DATASET RECORDS START

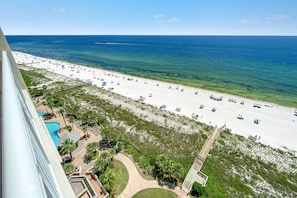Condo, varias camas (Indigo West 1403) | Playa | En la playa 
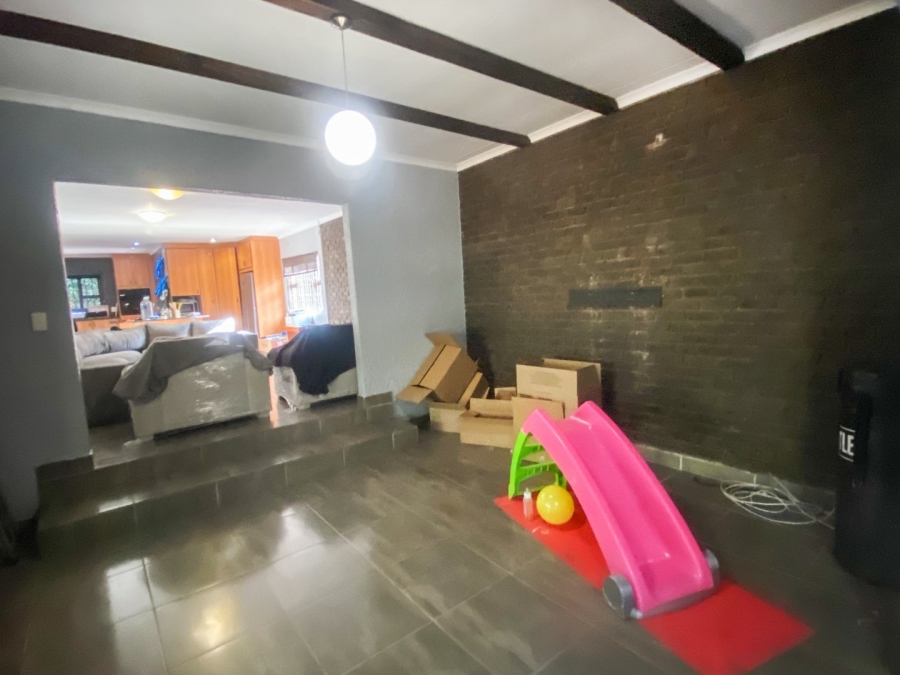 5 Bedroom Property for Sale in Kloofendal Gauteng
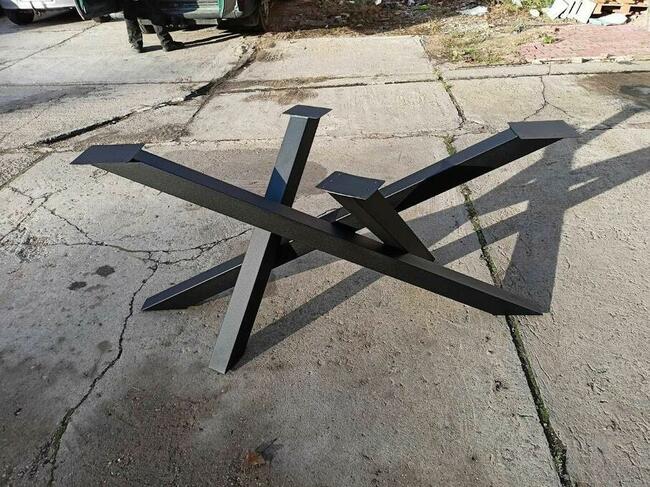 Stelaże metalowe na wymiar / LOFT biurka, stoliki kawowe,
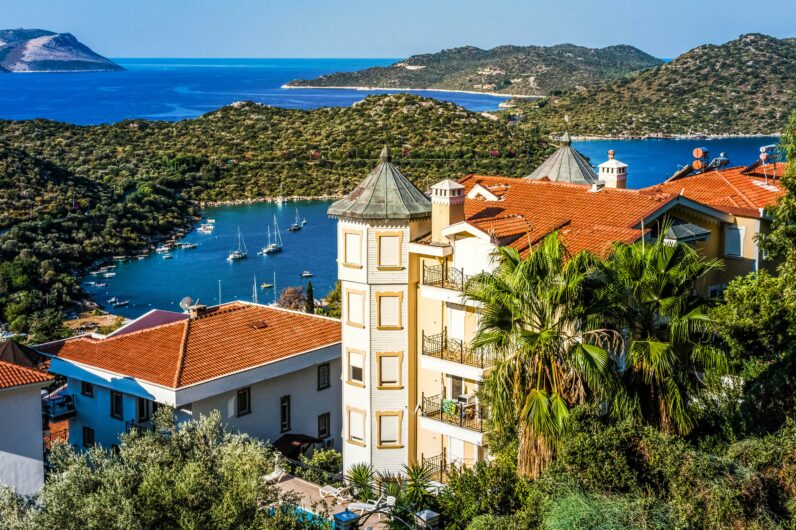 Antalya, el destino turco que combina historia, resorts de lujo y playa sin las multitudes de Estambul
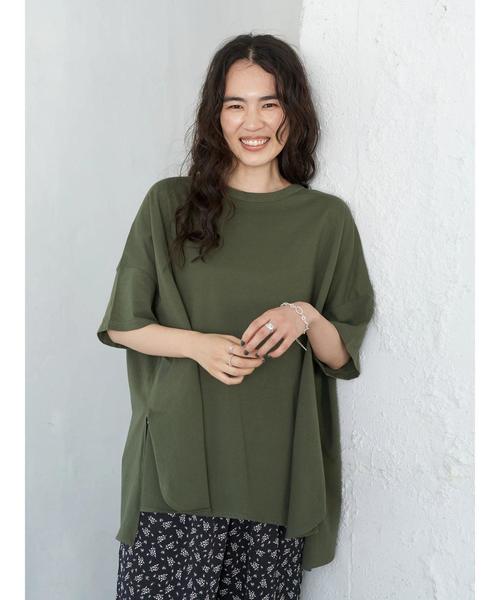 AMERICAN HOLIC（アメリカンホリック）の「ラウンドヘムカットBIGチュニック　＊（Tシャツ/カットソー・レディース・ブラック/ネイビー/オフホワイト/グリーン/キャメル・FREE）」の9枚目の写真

DATASET RECORDS END

## [WHAT THE TASK ASKS]
Each line above is to be copied verbatim. Drop any image from the copy.

## [ANSWER TO THIS PROBLEM]
Condo, varias camas (Indigo West 1403) | Playa | En la playa 
 5 Bedroom Property for Sale in Kloofendal Gauteng
 Stelaże metalowe na wymiar / LOFT biurka, stoliki kawowe,
 Antalya, el destino turco que combina historia, resorts de lujo y playa sin las multitudes de Estambul
 AMERICAN HOLIC（アメリカンホリック）の「ラウンドヘムカットBIGチュニック　＊（Tシャツ/カットソー・レディース・ブラック/ネイビー/オフホワイト/グリーン/キャメル・FREE）」の9枚目の写真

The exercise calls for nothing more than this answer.